Today my team had a shortage of devs (illness, holidays), so we asked our QA colleague to help us and approve a PR so that we could've it merged in time. This PR was pretty simple, we were replacing handmade "with" methods in Java Records with Lombok's @With's annotation.
"How does @With compare to @Builder? We only used @Builder so far."
He asked.
This was my answer:
Basically, when creating obejcts with multiple fields its better to use a builder then to use its constructor.
Constructor:
Person(18, "Raphael", "Santos", "Santos", "Software Developer");
Builder:
Person.setAge(18).setName("Raphael").setCity("Santos").setLastName("Santos").setJob("Software Developer").build()

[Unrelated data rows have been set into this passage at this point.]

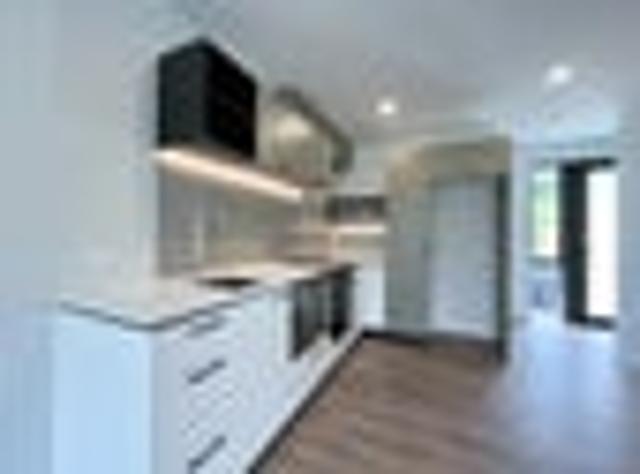 Waltham, 2 bedrooms, $520 pw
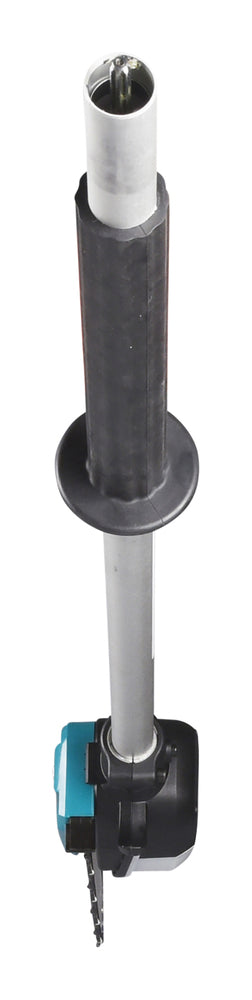 191T38-7 Kettensägenaufsatz EY403MP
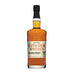 Cutwater Black Skimmer Bourbon (750Ml)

In the second one, you can see how easier it is to identify what is being populated in the person object. In the first one you could even confuse the surname with the city, which makes it harder to maintain.
Besides that, we are working with Java Records. Those are immutable objects. Once they are created, they cannot be modified.
var person1 = Person.setAge(18).setName("Raphael").setCity("Santos").setLastName("Santos").setJob("Software Developer").build()
If the age has later changed to 19, I cannot modify the original object. I have to create a whole new object copying the properties from the first one:
var person2 = Person.setAge(19).setName(person1.getName()).setCity(person1.getCity()).setLastName(person1.getLastName()).setJob(person1.getJob()).build();
Boring, right?
And thats when @With methods come into place:
var person2 = person1.withAge(19);
All the other properties will be automatically copied. Only the age will have been changed in this case. 😃
Lombok's @With annotation will take care of creating all those "with" methods for us. While the @Builder annotation will take care of applying the Builder pattern to our classes.
How do you rate my explanation to him?